E houve as redescobertas: do Porto dos Índios, da Lagoa das Almas, da Boyes, Agência Torres, Shopping, Bongue, e as reuniões com as comunidades em seu próprio território – Ártemis, Monte Alegre, Tancuã, Rua do Porto. Delas nasceram projetos locais, que depois articularam-se com projetos de outras entidades.

Estava feito o diagnóstico. Começavam a ser redesenhados os mapas. E nascia o Projeto Beira Rio.

O espírito do lugar

Das mais ricas e criativas conclusões , pela maneira como foram desenhadas, destaca-se, no Projeto Beira-Rio, a forma como o espírito do lugar – a relação rio/município – é apresentado com o passar do tempo: pelas beiradas do rio, ao longo dos ciclos da economia que envolveu a Cia Boyes, os Morgante, os Rezende. Enfim, como deslocamentos do centro do mundo piracicabano, nos últimos 500 anos.

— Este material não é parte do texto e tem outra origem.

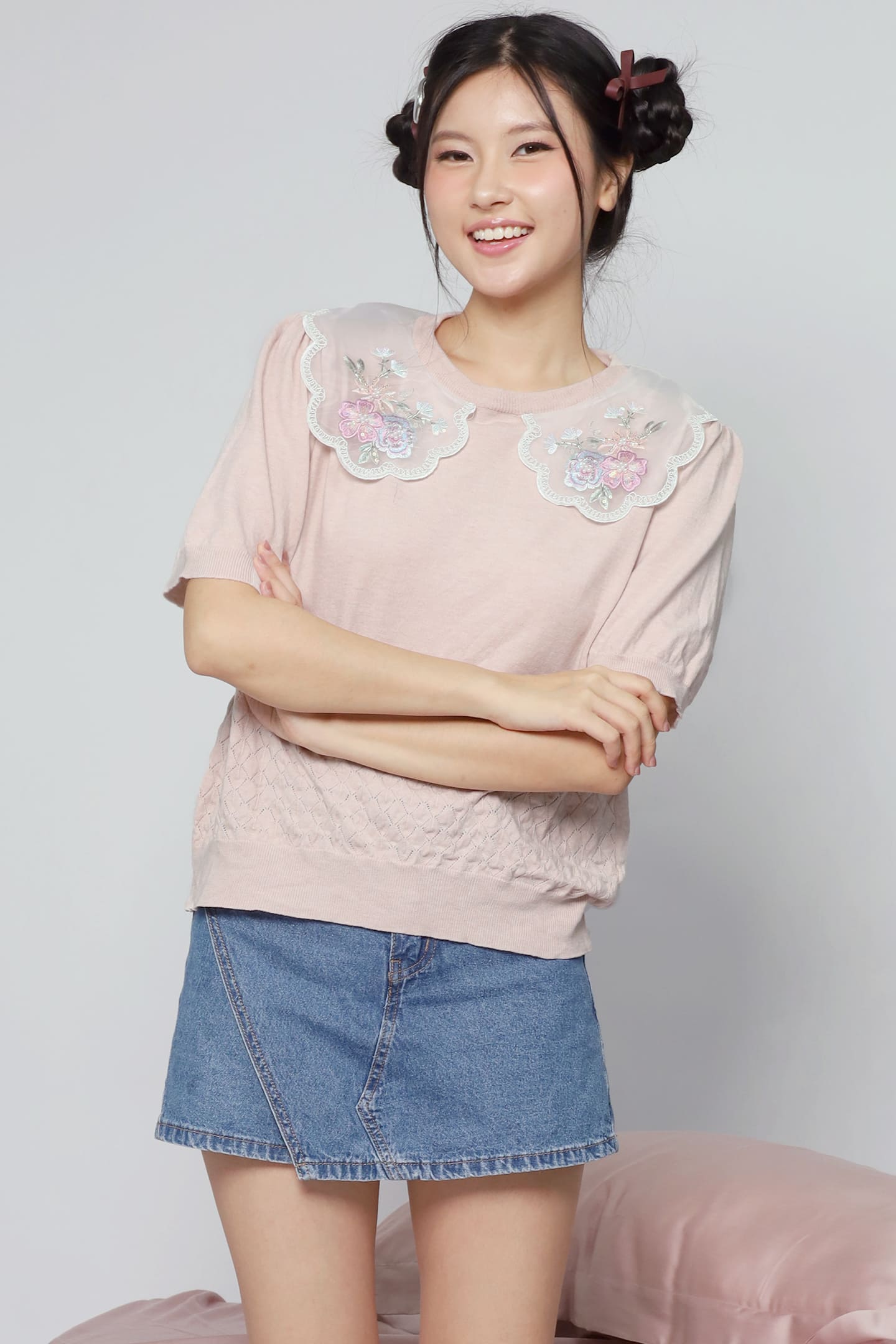 JOY - Miko Floral Embellishment Knit Top in Pastel Pink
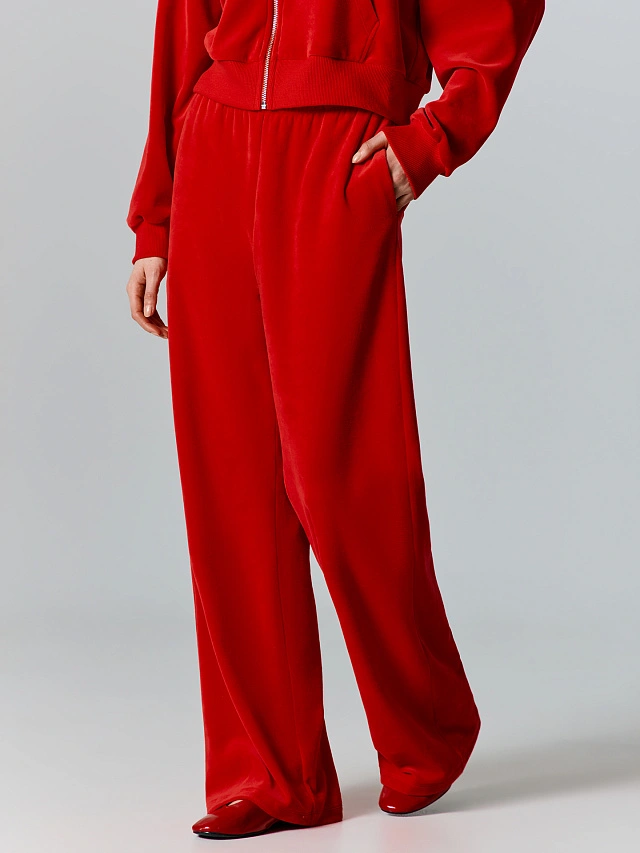 Брюки женские красные велюровые - 3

O primeiro centro do mundo de Piracicaba é o lugar dos índios. A taba é apontada como a fundação do lugar, antes mesmo dos povoadores brancos, pelo antropólogo Stefani, já que a comissão envolvida no Projeto nela não se deteve. As referências por ele recuperadas foram o Porto do Índios, situado na margem direita, na altura do obelisco do povoador, a oeste do Engenho Central; a lagoa, hoje assoreada, que os primeiros povoadores denominaram Lagoa da Almas; a taba central dos índios; o cemitério, situado na margem esquerda na encosta da colina, que cobria a área alta da Boyes, o Palacete. Um centro do mundo que, na análise do antropólogo, teria durado milhares de anos, destruída pelo europeu colonizador.

Mas veio a civilização e o centro do mundo de Piracicaba mudou. O povoado situou-se em torno da capela dedicada a Nossa Senhora dos Prazeres, do lado leste da Lagoa das Almas e, decerto, não longe do sítio da taba. A nova civilização olhou para oeste, mas não subiu o rio acima do salto, que funcionou como barreira tanto para os peixes como para os barcos. Na margem direita é o povoado promovido à Freguesia, em 1774.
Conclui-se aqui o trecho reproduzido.